11 Afghan landmine clearers abducted by unidentified kidnappers

KABUL, Afghanistan (AP) - Unidentified kidnappers have abducted 11 Afghans working in a United Nations-affiliated landmine clearing programme in the east of the country, officials said on Saturday.

The 11 were taken on Thursday in a remote part of Nangarhar province, said provincial police spokesman Hazrat Hussain Mashreqiwal. He did not name the abductors but said local officials and tribal elders were trying to negotiate the mine clearers' freedom.

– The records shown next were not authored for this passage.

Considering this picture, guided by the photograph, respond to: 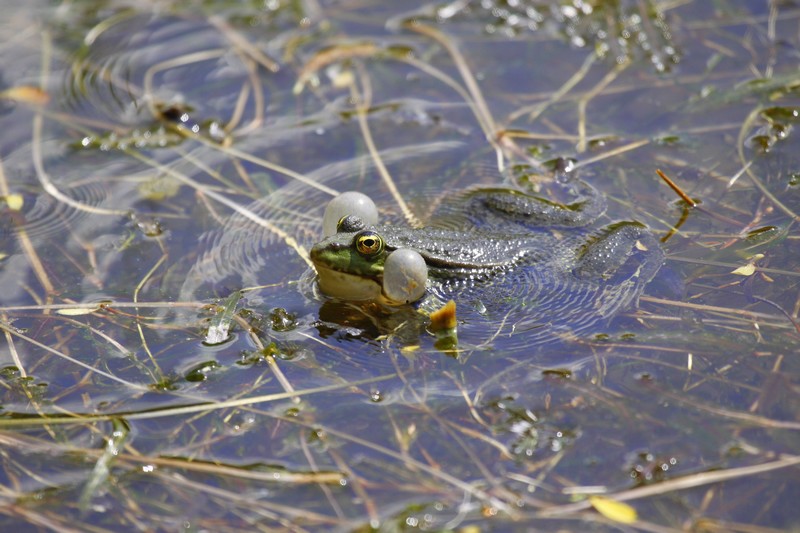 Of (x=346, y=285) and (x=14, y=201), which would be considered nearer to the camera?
(x=346, y=285)

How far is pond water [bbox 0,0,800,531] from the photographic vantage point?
3.23 m

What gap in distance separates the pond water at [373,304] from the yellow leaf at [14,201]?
88 millimetres

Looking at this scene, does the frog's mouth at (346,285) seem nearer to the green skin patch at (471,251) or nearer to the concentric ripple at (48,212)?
the green skin patch at (471,251)

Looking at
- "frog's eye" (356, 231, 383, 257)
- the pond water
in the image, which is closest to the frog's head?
"frog's eye" (356, 231, 383, 257)

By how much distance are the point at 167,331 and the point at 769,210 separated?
3.25 m

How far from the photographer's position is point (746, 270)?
4.17 m

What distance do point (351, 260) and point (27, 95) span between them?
10.4 feet

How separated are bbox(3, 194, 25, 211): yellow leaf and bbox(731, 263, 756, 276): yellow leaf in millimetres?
4019

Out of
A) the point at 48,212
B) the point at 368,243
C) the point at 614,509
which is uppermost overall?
the point at 368,243

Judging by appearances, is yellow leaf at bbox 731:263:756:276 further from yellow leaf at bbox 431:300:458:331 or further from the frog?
yellow leaf at bbox 431:300:458:331

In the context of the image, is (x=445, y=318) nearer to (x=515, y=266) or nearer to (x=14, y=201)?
(x=515, y=266)

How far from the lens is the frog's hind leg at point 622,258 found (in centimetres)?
417

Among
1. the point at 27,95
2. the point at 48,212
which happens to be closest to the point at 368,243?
the point at 48,212

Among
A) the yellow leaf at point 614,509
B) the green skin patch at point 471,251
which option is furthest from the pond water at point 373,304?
the green skin patch at point 471,251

According to the United Nations, there are an estimated 10 million mines scattered throughout 150 of Afghanistan's 400 districts, a legacy of 30 years of war. Children and farmers face the most serious threats from the discarded explosive devices.

On Friday, three children in central Ghazni province were killed when they tried to dismantle an old bomb.

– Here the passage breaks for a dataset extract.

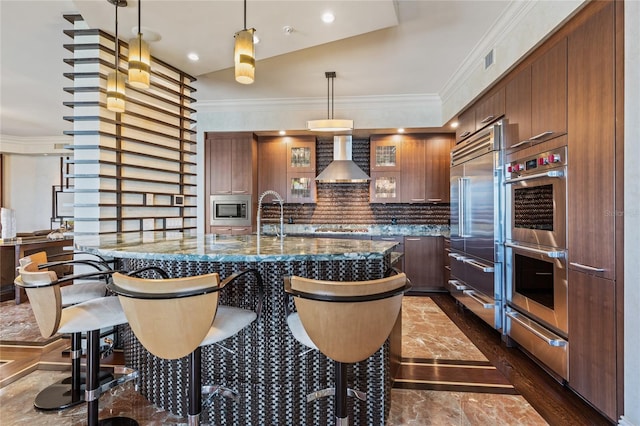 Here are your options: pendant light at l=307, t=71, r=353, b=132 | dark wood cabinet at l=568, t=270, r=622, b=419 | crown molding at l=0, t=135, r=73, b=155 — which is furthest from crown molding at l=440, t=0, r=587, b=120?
crown molding at l=0, t=135, r=73, b=155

Also on Saturday, a bomb killed an intelligence officer at his home in a remote northeastern corner of the country, officials said.

Mr Mohammed Zahir, spokesman for Nuristan's governor, said the province's deputy intelligence chief Faiz Mohammed was the only casualty. It wasn't immediately known how the bomb was detonated.

No one has claimed responsibility for the bombing but Taleban insurgents have been targeting US-backed government officials, calling them puppets and traitors.

Afghanistan's intelligence chief Asadullah Khalid was badly injured in a suicide bombing in Kabul in December. The Taleban took responsibility for that attack.